Task to carry out:
Your copy should run exactly from the line containing "RATON TRUST BAYO" to the last line of the entries below, and it should include no pictures.

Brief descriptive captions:
* * *

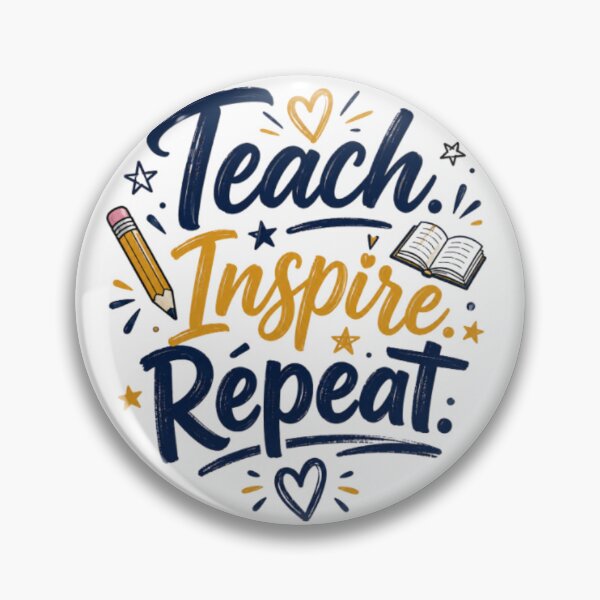 Item preview, Teach Inspire Repeat Teacher Shirt Back to School Gift designed and sold by happyshirt27.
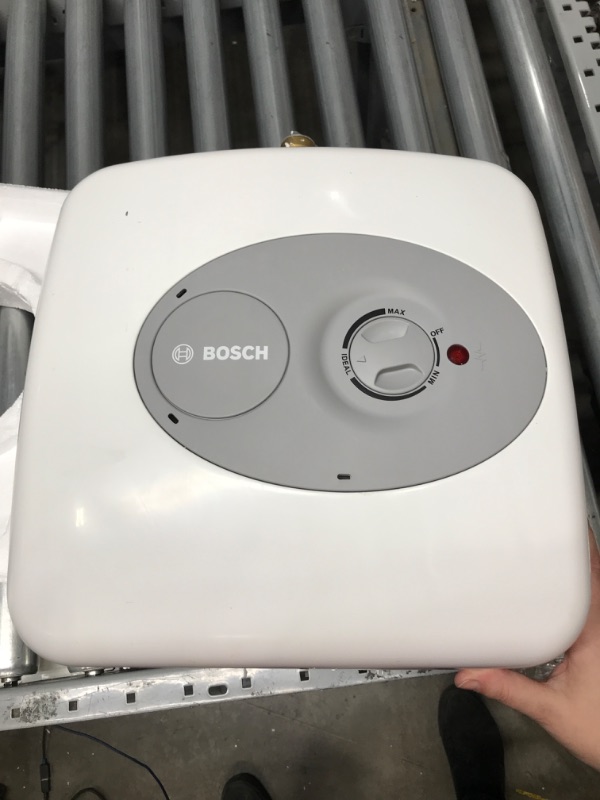 Photo 2 of ***COSMETIC DAMAGE PLEASE SEE PHOTOS*** Bosch Electric Mini-Tank Water Heater Tronic 3000 T 2.5-Gallon (ES2.5) - Eliminate Time for Hot Water - Shelf, Wall or Floor Mounted 2.5 Gallon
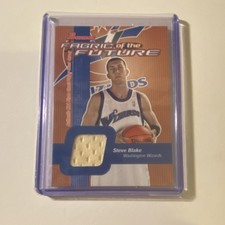 2003-04 Bowman Fabric of the Future Rookie patch Steve Blake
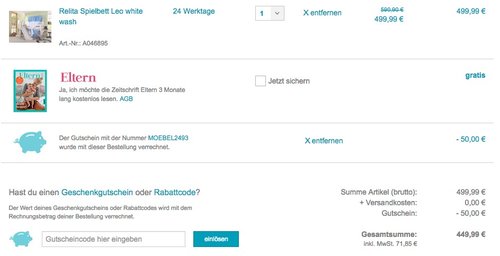 Relita Spielbett Leo white wash - jetzt 10% billiger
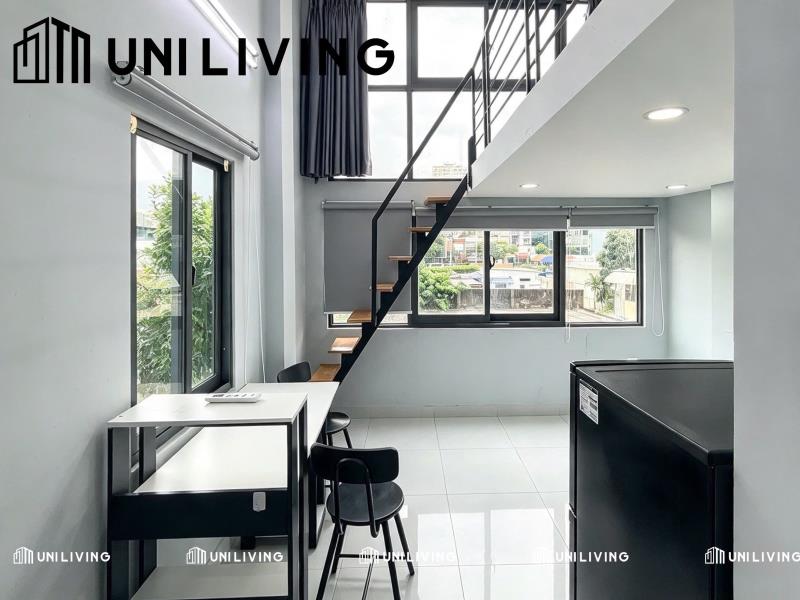 Cho thuê căn hộ duplex siêu thoáng ngay hàng xanh gác cao 2m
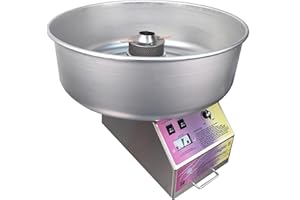JM POSNER Spin Magic Candy Floss Machine - Commercial Cotton Candy Machine with Metal Bowl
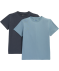 T-Shirts Rundhals dunkelblau/blau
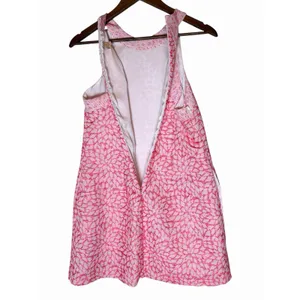 Hutch Anthropologie Pink White Embroidered Halter Mini Shift Dress Small thumbnail 9
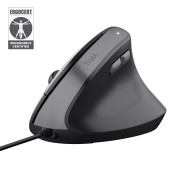 RATON TRUST BAYO II 25144 ERGONOMICO 2400DPI USB NEGRO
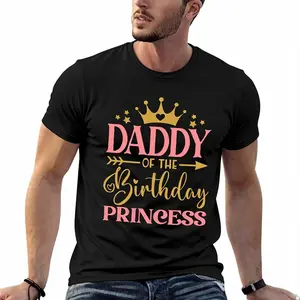 Full Family "Birthday Princess" Matching Tees Daddy ofthe Birthday Princess Soft Breathable Cotton Tee forFamily Photoshoots and Celebrations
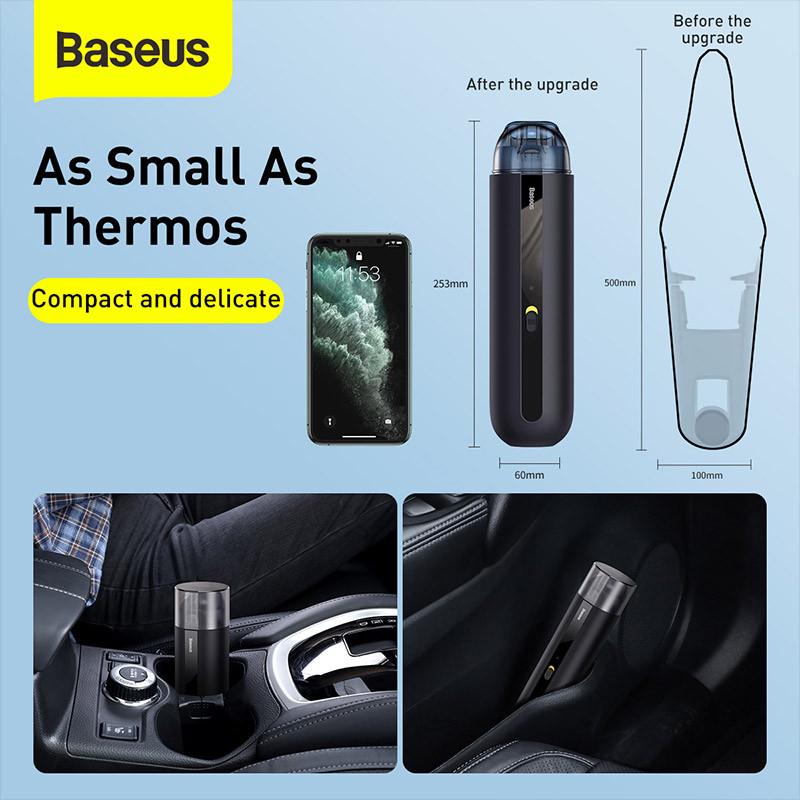 Пылесос автомобильный BASEUS Car Vacuum Cleaner A2 Black - фото 6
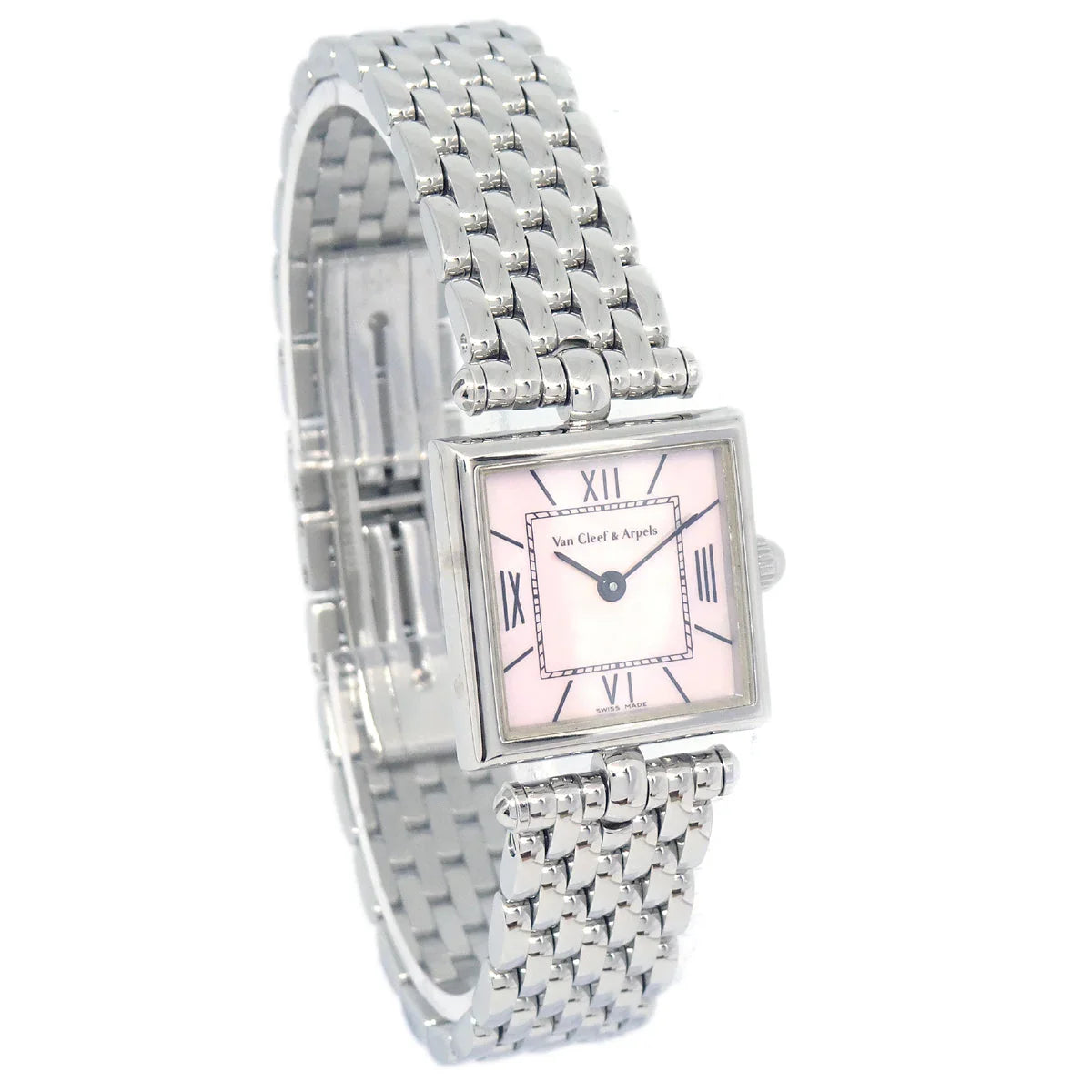 Van Cleef & Arpels * Ref.HH4897 Classic Square Quartz Watch SS
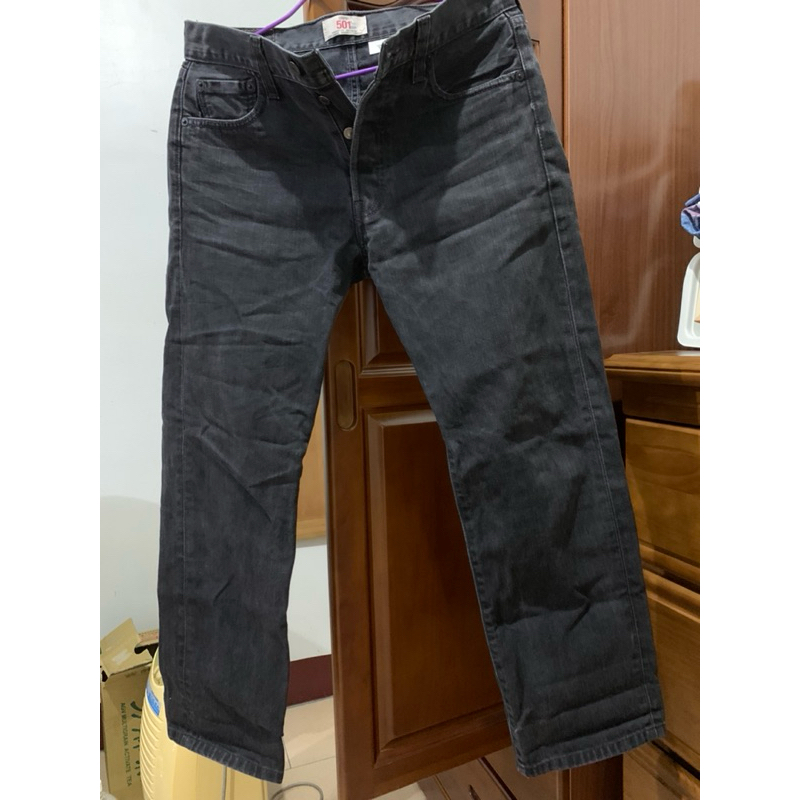 二手 Levi’s Levis 501 黑色 W30L30 經典排扣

* * *

Solution for this exercise:
 RATON TRUST BAYO II 25144 ERGONOMICO 2400DPI USB NEGRO
 Full Family "Birthday Princess" Matching Tees Daddy ofthe Birthday Princess Soft Breathable Cotton Tee forFamily Photoshoots and Celebrations
 Пылесос автомобильный BASEUS Car Vacuum Cleaner A2 Black - фото 6
 Van Cleef & Arpels * Ref.HH4897 Classic Square Quartz Watch SS
 二手 Levi’s Levis 501 黑色 W30L30 經典排扣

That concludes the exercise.